Five Secular Reasons To Support Traditional Marriage-Part 1

 I continue my series here in support of the traditional view of marriage. Here are links to the first article “What Is Marriage?” and to the second article “Five Biblical Reasons to Support Traditional Marriage.

While I am a Christian and I get my values largely from my understanding of the Christian scriptures, I certainly realize that I live in a pluralistic society. There was a time in American history when the vast majority of U.S. citizens held these views, but that is no longer true. Because of this, I understand that an argument for the traditional view of marriage and against the revisionist view of marriage (as defined in my earlier article, “What Is Marriage?”) based solely on the Bible won't go very far with a lot of people in this increasing secular society. But is there a secular argument to be made for traditional marriage that all of us, no matter what our religious (or non-religious) affiliation may be? I certainly think so.

 In their book What Is Marriage? Man and Woman: A Defense,” as well as in their Wall Street Journal article “The Wisdom Of Upholding Tradition”, Princeton's Robert P. George, Sherif Girgis, and Ryan T. Anderson make the following observation concerning the traditional or conjugal view of marriage:
“...marriage unites a man and woman holistically—emotionally and bodily, in acts of conjugal love and in the children such love brings forth—for the whole of life. These insights require no particular theology. Ancient thinkers untouched by Judaism or Christianity—including Aristotle, Plato, Socrates, Musonius Rufus, Xenophanes and Plutarch —also distinguished conjugal unions from all others. Nor did animus against any group produce this conclusion, which arose everywhere quite apart from debates about same-sex unions. The conjugal view best fits our social practices and judgments about what marriage is.”
The course that we are about to embark on has no roots in any thinking society. Like the diver jumping off the high dive without checking to see if there is any water in the pool below, we are foolishly hurling ourselves headlong into something in the name of “fairness” and “equality” without any regard to the long-term ramifications of our actions.
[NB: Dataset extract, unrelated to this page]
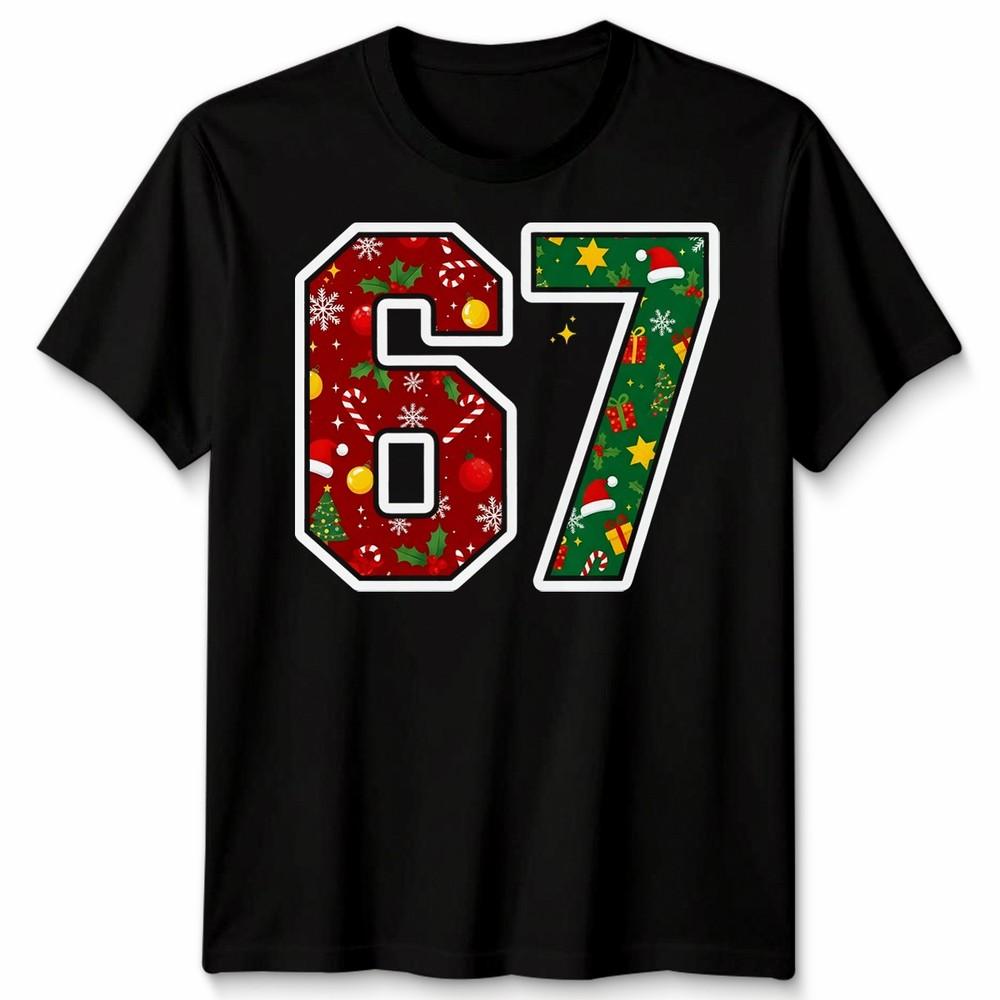 

67 Christmas Number Mens T-Shirt Womens Tee Festive Holiday Graphic Tee 4XL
There are a number reasons that we should pause and consider these actions and what they could mean for our society and the societies around us. I have chosen five, but there could be many more. We'll cover the first two in this article, starting with what should be one of the most obvious:

 1.  Redefining marriage is harmful to children.  Decades of research show that children do better with a mom and a dad than any other arrangement. By redefining marriage as any two people, regardless of gender, who love each other, we are making a statement as a society that fatherhood and motherhood are interchangeable. In fact, our own government, while speaking out of one side of it's mouth in favor of “same-sex marriage,” continues to speak out of the other side of it's mouth about the importance of fatherhood. Consider this quote from an article on the U.S.Department of Health and Human Services website:

A noted sociologist, Dr. David Popenoe, is one of the pioneers of the relatively young field of research into fathers and fatherhood. "Fathers are far more than just 'second adults' in the home," he says. "Involved fathers bring positive benefits to their children that no other person is as likely to bring."Fathers have a direct impact on the well-being of their children”...(There is a positive) connection between fathers and child outcomes, including cognitive ability, educational achievement, psychological well-being, and social behavior. (This) also underscores the impact of the father and mother's relationship on the well-being of their children.”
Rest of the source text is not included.